結局、お義母さんは急に逝ってしまった。もう、1階にお義母さんの部屋はいらなくなった。
私は主人に「私らも、これから歳をとっていくばかりだから2階の部屋ってしんどいよね~」と言うと「確かに」と返答があった。だれでも、歳をとっていく。静かに適応していっているので、自覚のないものもあるが、確実に衰退している能力がある。できるだけ早い時期から、健康維持のために習慣化できることや、長く続けられる仕事や趣味を暮らしの中に取り入れることは大事だと実感している。
帰りの道のり、主人は「家を買うのは、今じゃない気がする」と言った。主人のその感覚は漠然としていて、私が咀嚼して受け入れるには、少し時間がかかる。いつものことだ。とはいえ、的を射ている。

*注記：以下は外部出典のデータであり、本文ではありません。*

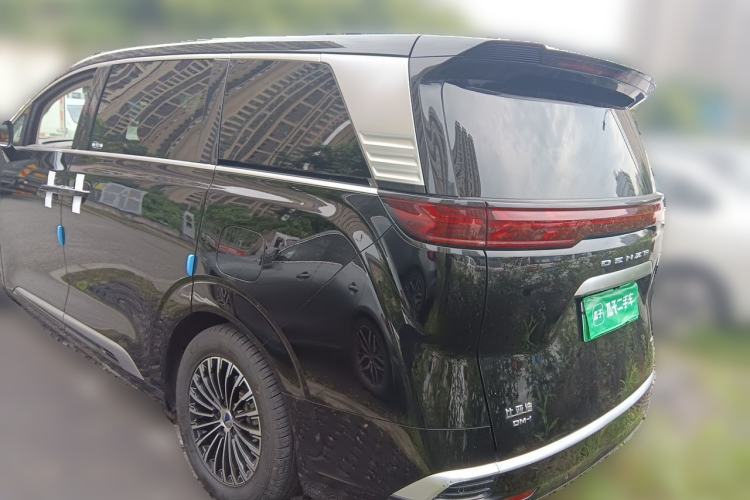Used Denza D9 2022 DM-i 945 Luxury Model Rear Left 45 Deg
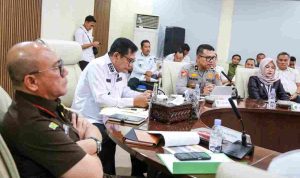 Gupati Muba, HM Toha saat meimpin Rapat Evaluasi Penanganan Karhutbunlah yang digelar BPBD Muba, Selasa (9/9/2026) di ruang rapat Serasan Sekate. Foto: Kominfo Muba.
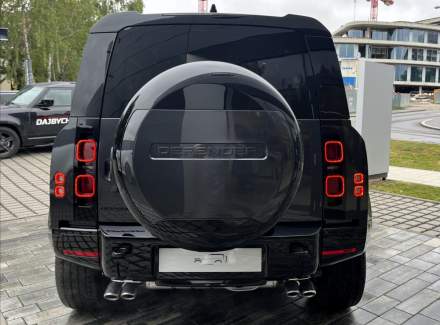 Land Rover - Defender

何をするにも「タイミング」と言うのものがある。それは、感覚でしかない。主人が違和感があるのなら、それが正解だ。今は「待とう」。お義父さんもお義母さんも、そんな不思議な能力の持ち主だった。主人も同じくその能力を持っている。静かに春が来るのを待つことのできる人たちだ。その能力に気づいている私もまた、同じ能力を持っている。ただの自画自賛である。実は、人間の誰もが持っている能力なのだ。人間も自然の中の一部に過ぎないのだから、そんな勘が働くのは当たり前だ。
今がそのタイミングだと思うときまで「待つ」という「勘」。
じゃあ、私のタイミングは、主人に委ねているのかと言えばそうでもない。私が「行く」と決めているときに「待つ」と言われれれば、出鼻をくじかれ「焦り」が生まれる。しかし「待つ」と言う人を動かそうとしても動きはしない。「待つ」と言う人と人間関係を継続していくのであれば、待っている間に、私は私のできることを淡々と、粛々と、着々とするだけだ。
そうこうしているうちに、私のタイミングは、私のタイミングでやってくる。そのタイミングは主人と合うこともあれば、合わないこともある。その時は、どちらかが前を歩けばよい。また、追いかけたり、待ったりしてもよい。常に二人三脚はしなくてよい。二人三脚は転ぶのを楽しむ競技だ。その人が、その人のタイミングで「自立」して生きることを応援する・・・・ほら、看護だ。
子どもが巣立ち、親の介護もなくなり、夫婦は一人の人間同士として尊重し合える時期に来た。
「待つ」、実に「看護」だ。そして「教育」でもある。